Lyxor Asset Management lance le premier ETF indexé sur l’indice CAC PME créé par Euronext en mars 2014, avec des frais de gestion limités à 0,5% par an, et répondant aux critères des fonds éligibles au PEA-PME. Les études prouvent qu’historiquement, les performances des sociétés de petites et moyennes capitalisations ont été plus élevées que celles des grandes capitalisations sur le long terme, souligne la société de gestion dans un communiqué. «Avec ce nouvel ETF, Lyxor est le premier émetteur à proposer aux investisseurs français un accès facilité à un portefeuille diversifié de PME-ETI (indice composé de 40 sociétés à avril 2014**)», indique un communiqué. Investir dans les PME-ETI via cet ETF permet par ailleurs de bénéficier de tous les avantages fiscaux du PEA-PME, tout en se protégeant du risque de liquidité parfois associé aux petites capitalisations. D’autres investisseurs (étrangers ou institutionnels) peuvent également être intéressés par le mode de construction fondamental de l’indice.
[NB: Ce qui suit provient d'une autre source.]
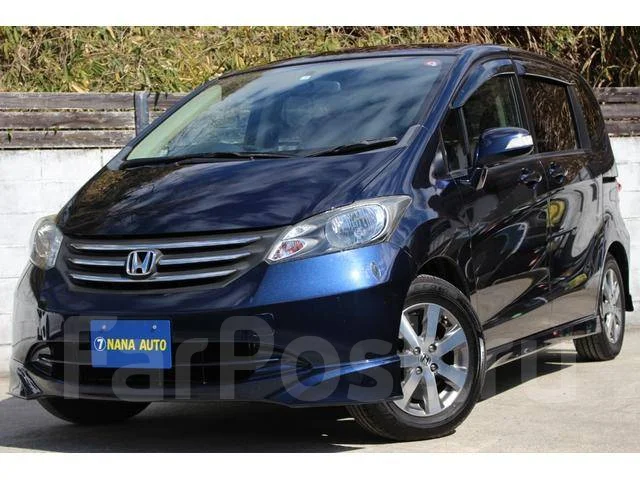 Honda Freed. �������, ��������, 1.5 (118��.�.), ������, 90 000����. ��, �/�. ��� ����� �� ������������ ����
En effet, l’univers de sélection de l’indice CAC PME ne fluctue pas en fonction des prix du marché, par essence volatils, mais en fonction de la situation économique réelle des entreprises. «Ce nouveau fonds s’adresse aux investisseurs souhaitant profiter à la fois de la performance des PME-ETI et du régime fiscal avantageux du PEA-PME», indique Arnaud Llinas, responsable mondial des activités ETF et Indexing de Lyxor. ** la performance annualisée dividendes réinvestis sur 10 ans de l’indice CAC Mid & Small est de 12% contre 5,8% pour le CAC 40 (source Bloomberg entre le 26 mars 2004 et le 28 mars 2014).
Bill Gross, le co-fondateur de Pimco, a enjoint Mohamed El-Erian à expliquer pourquoi il avait décidé de démissionner de son poste de directeur général de la société de gestion, rapporte Fund Web. S’exprimant à Bloomberg TV, Bill Gross a affirmé que les raisons du départ de son ancien restaient mystérieuses, même pour lui. « Il a seulement dit qu’il n’était pas la personne qui pouvait faire avancer la société…. J’ai envie de lui dire, allez, Mohamed, dis-nous pourquoi ».
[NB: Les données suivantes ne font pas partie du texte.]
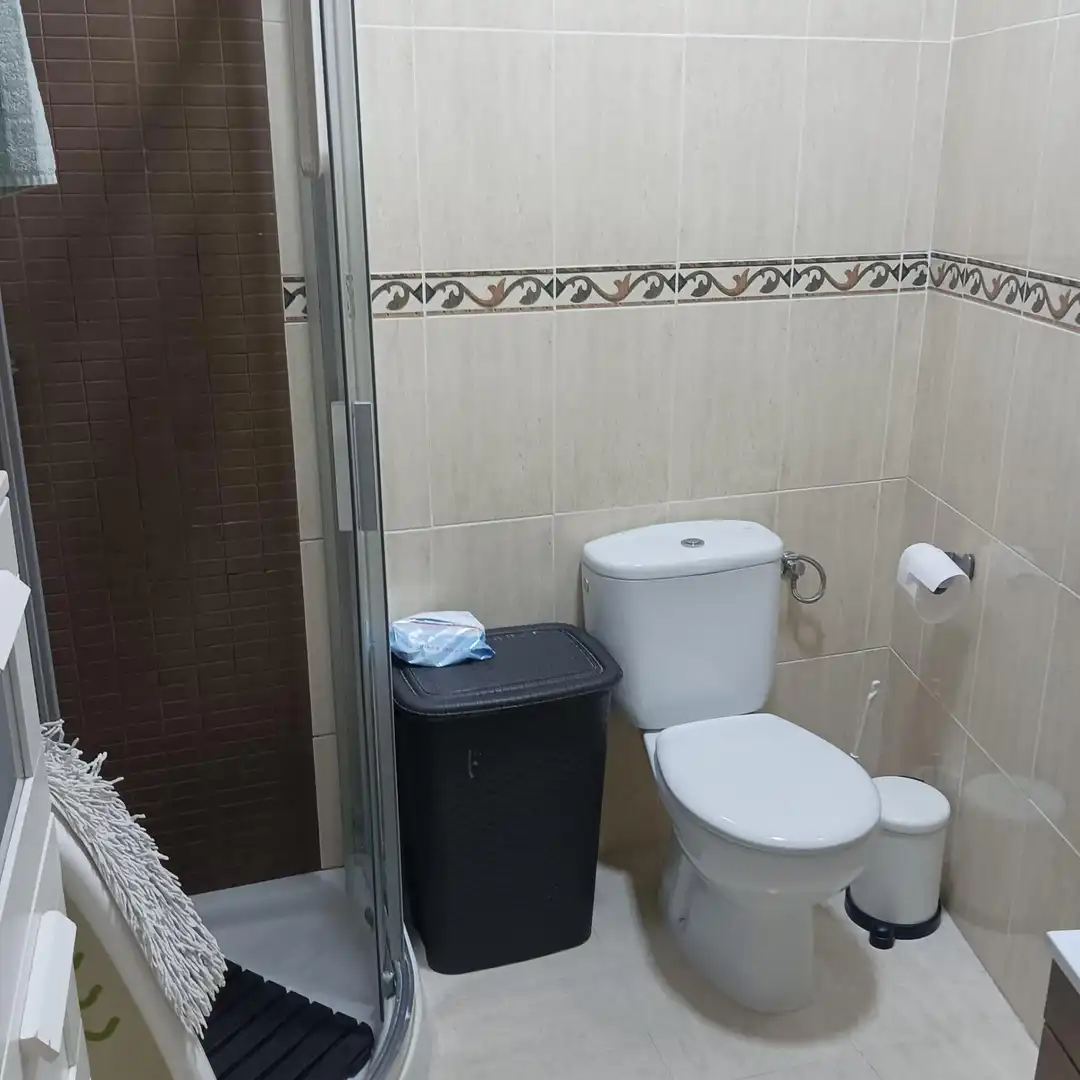 Bany de Casa o xalet en venda en Ubrique amb Terrassa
Azimut Wealth Management a recruté Iacopo Corradi comme managing director de la région Toscane, rapporte Bluerating. L’intéressé vient de Banca Esperia, où il était responsable de la filiale toscane. Le pôle gestion de fortune d’Azimut compte 150 gérants de fortune et affiche un encours total de plus de 5 milliards d’euros.
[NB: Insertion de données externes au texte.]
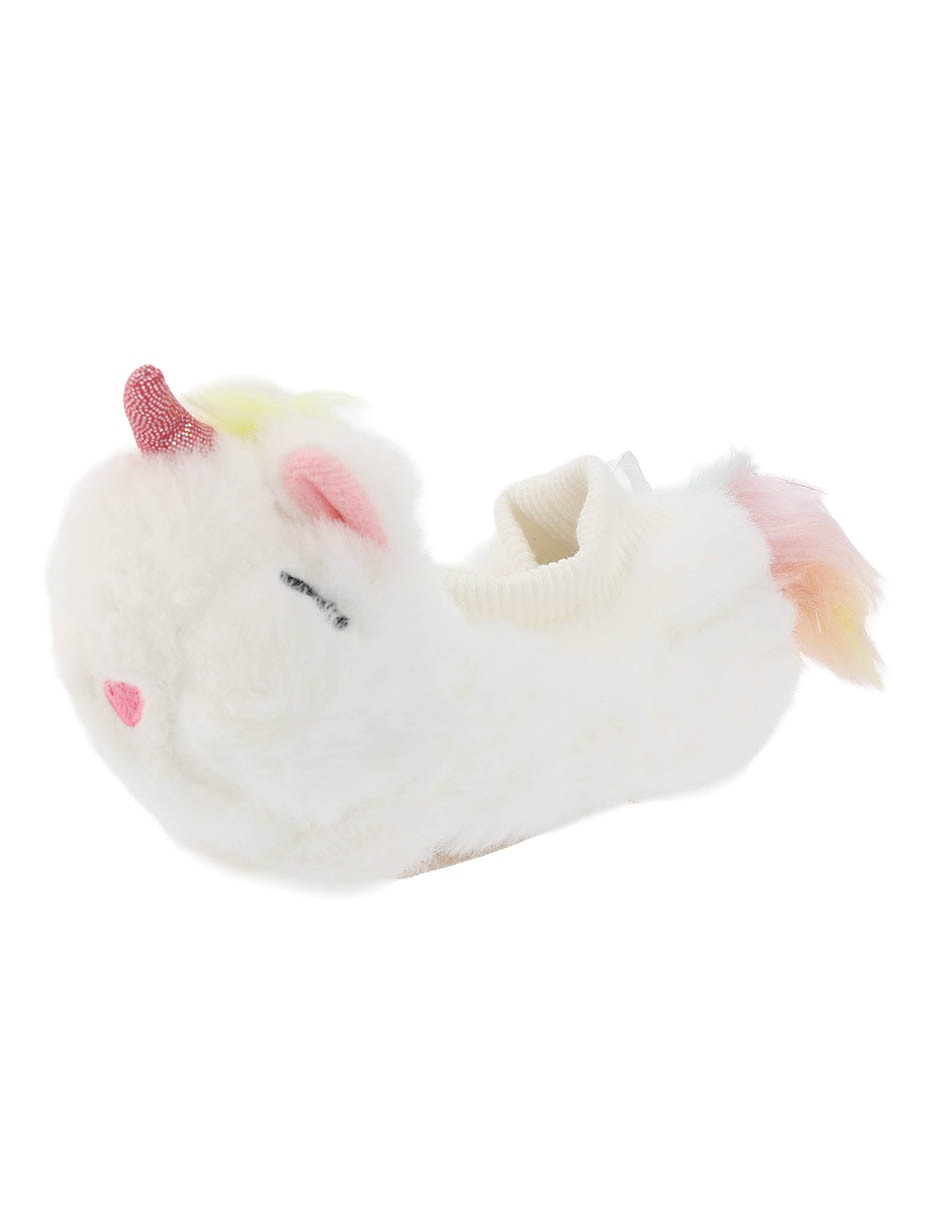 Pantufla para niña 2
Anima Holding a bouclé son offre d’actions en vue de son introduction en Bourse et a fixé à 4,2 euros le prix de ses titres, rapporte Milano Finanza. La fourchette de prix se situait initialement entre 3,5 euros et 4,5 euros, avant d’être réduite à 4,1-4,2 euros. La demande a été égale à 5,4 fois l’offre, en incluant l’option de surallocation. L’introduction en Bourse est prévue le 16 avril. La valorisation du groupe italien de gestion d’actifs est donc de 1,259 milliard d’euros, soit un multiple de 3 % des actifs gérés de 2013 et de 2,6 % des actifs de 2014, contre 3,2 % et 3 % pour les concurrents étrangers.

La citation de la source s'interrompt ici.